Ahora el ómnibus ha pasado de casi un centenar de medidas a 29, y lo más significativo es que entre ellas está incluida la tramitación por el Congreso de la iniciativa que exige Puigdemont sobre una «cuestión de confianza». Es un episodio más de la lamentable situación en que se encuentra España con un «Gobierno» que está literalmente en manos de un dirigente político que como presidente de la Generalitat lideró un auténtico golpe de Estado para romper la Unidad Nacional que el artículo 2 de la Constitución proclama como su «fundamento». Y que a diferencia de algunos, –justo es reconocerlo, como Junqueras y otros, que no huyeron– no dio la cara ante la Justicia sino que huyó escondido en el maletero de un automóvil hasta Waterloo. Donde reside en otro palacete a la espera de que su amnistía «a la carta» sea asumida por la Justicia. Entre tanto, le conviene que Sánchez siga donde está, haciéndole bailar al ritmo que él marca. Son esos continuos y continuados «cambios de opinión» de Sánchez en favor de la opinión de Puigdemont la cual es evidente que no es compatible con el interés general de España y el bien común de los españoles que para él –y no se recata en afirmarlo– le traen literalmente sin cuidado.
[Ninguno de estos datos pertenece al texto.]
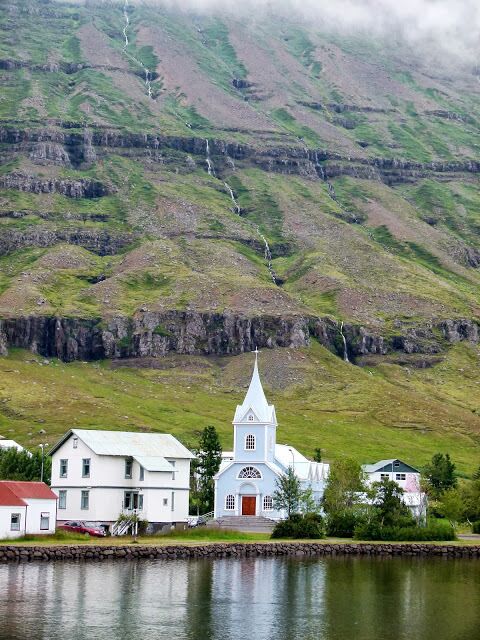 A church with a white steeple, a small white building, and a body of water in front.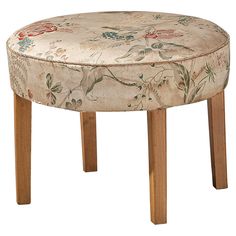 an upholstered stool with wooden legs and floral fabric on the backrests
Haber pertenecido al colectivo de los políticos sanchistas no va a ser un timbre de honor cuando su líder supremo desaparezca del escenario, lo que es extrapolable a las siglas que le cobijan, diga lo que diga la memoria «histérica».
En cuanto a su permanente exposición de la insignia de la Agenda ordenada por la élite económica mundial, quizás le convenga pensar en retirársela. Incluso puede colocarse la de Puigdemont en su lugar.